Following the announcement by the Kurdish-led Autonomous Administration of North and East Syria (AANES) that it plans to begin putting some of the estimated 2000 foreign ISIS fighters in its care on trial, Medya News convened an expert panel to ask whether the proposal could work and what role international powers could or should play if the AANES goes ahead with the proposal.
Attendees heard from Human Rights Watch (HRW) Associate Crisis and Conflict Director Letta Tayler, former International Coalition to Defeat ISIS spokesperson and Newlines Institute Senior Non-Resident Fellow Myles Caggins III, and Democratic Union Party (PYD) Co-Chair Saleh Muslim, a leading Syrian Kurdish politician.
In comments echoed by other panellists, Tayler described the AANES proposal as currently representing ‘the only offer on the table.’ Emphasising that the international rights watch dog HRW did not take any formal position on the question of a juridical solution to the ISIS detainees, she called for the US-led Coalition to Defeat ISIS and detainees’ country of origin to assist AANES in meeting the priority need for due process for ISIS detainees.
It was possible the US would begin to fund ISIS detention centres in either Syria or Iraq as a partial solution to the crisis, Caggins added, while also laying out proposals for ISIS prisoners to be tried on the basis of criminal charges by Syrian or international judges.
Opening the discussion, Muslim reminded listeners that the AANES’ military wing, the Syrian Democratic Forces (SDF), led the defeat of ISIS on the ground as the key local partners of the US-led International Coalition to Defeat ISIS. Since then, the SDF and associated security forces have been holding third-country national ISIS fighters from around the world, with the current population estimated at around 2000 individuals, alongside around 10,000 Syrian and Iraqi ISIS fighters.
Addressing the urgent need for a justice mechanism to respond to the urgent security threat, and the legal and humanitarian burden posed by these ISIS detainees, Tayler said that “the AANES proposal is the only offer on the table … in my view it is because most of these detainees’ countries of origin, as well as the US-led Coalition against ISIS, have been largely content to ignore the illegality of this massive detention crisis, with global ramifications, with the fates not only of ISIS suspects but also their children in the balance – children who never chose to live under ISIS and who make up the majority of the detainees.”
“Our position is that all detainees held as ISIS suspects and family members in northeast Syria should have meaningful access to due process, and promptly, to contest the necessity and legality of their detention. Our concern is more about how the trials are conducted than where. In an ideal world, trials are held within the jurisdiction of the crime committed. But northeast Syria is a complex war zone, meaning that trials could be risky for judges, prosecutors, defence lawyers, and the detainees themselves, and the AANES is not a state, which could potentially complicate legal challenges to convictions.”

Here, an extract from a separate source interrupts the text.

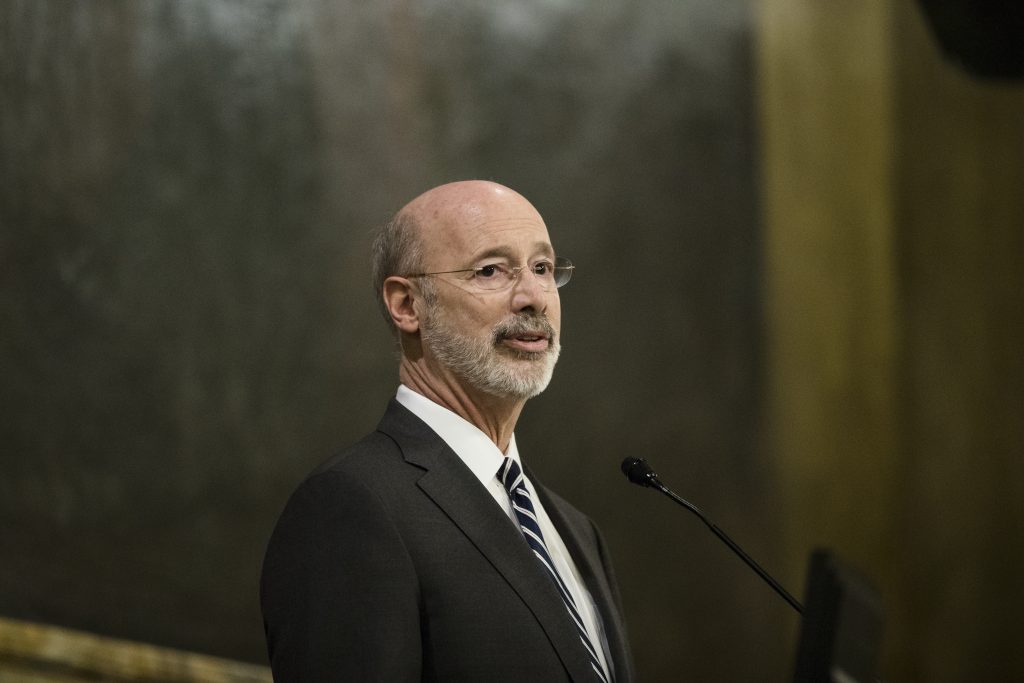 Tom Wolf Democratic Gov. Tom Wolf delivers his budget address for the 2019-20 fiscal year to a joint session of the Pennsylvania House and Senate in Harrisburg last week. He spoke before the Philadelphia Chamber of Commerce Monday, calling for a candid look at legalizing recreational marijuana. (AP Photo/Matt Rourke)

Caggins added that potential trials could and should be conducted according to high legal standards, likewise calling for cooperation from international and regional bodies. “Something needs to be done. These tribunals, as proposed by AANES are something. The tribunals can be done in a way that’s consistent with international law, where accused ISIS terrorists would have the right to counsel, not be forced to make any incriminating statements, and any statements gained by torture would be inadmissible. The judges would be regular judges previously sworn into Syrian courts, or international judges for a hybrid tribunal,” he said.
This could be made easier by trying ISIS on the basis of conventional crimes committed as private individuals, rather than as members of a formal army subject to distinct international law, Caggins suggested. “ISIS members should be treated as people who committed crimes – a criminal gang, committing ‘common’ crimes like murders, rape, terrorism,” he said. Asked what steps might be expected from the Coalition or the US toward resolving the crisis, he said there was “a big question about building a proper detention centre for ISIS… I predict we’ll see that the US will lean toward making a decision to fund detention camps in Syria, sooner rather than later.”
The panel also looked at the significant obstacles facing any potential legal process for ISIS detainees in the region. Tayler summarised these significant obstacles: “What of the rights of women and children, the vast majority of detainees, to contest their detention? Where will those convicted serve their prison terms? Will they be sent back to the same squalid prisons that already fall short of minimum international detention standards? And what of the innocent? Will their countries take them home?”
AANES officials have not yet given an official date for the start of trials for foreign fighters, but indicated that they plan to release more information in the near future.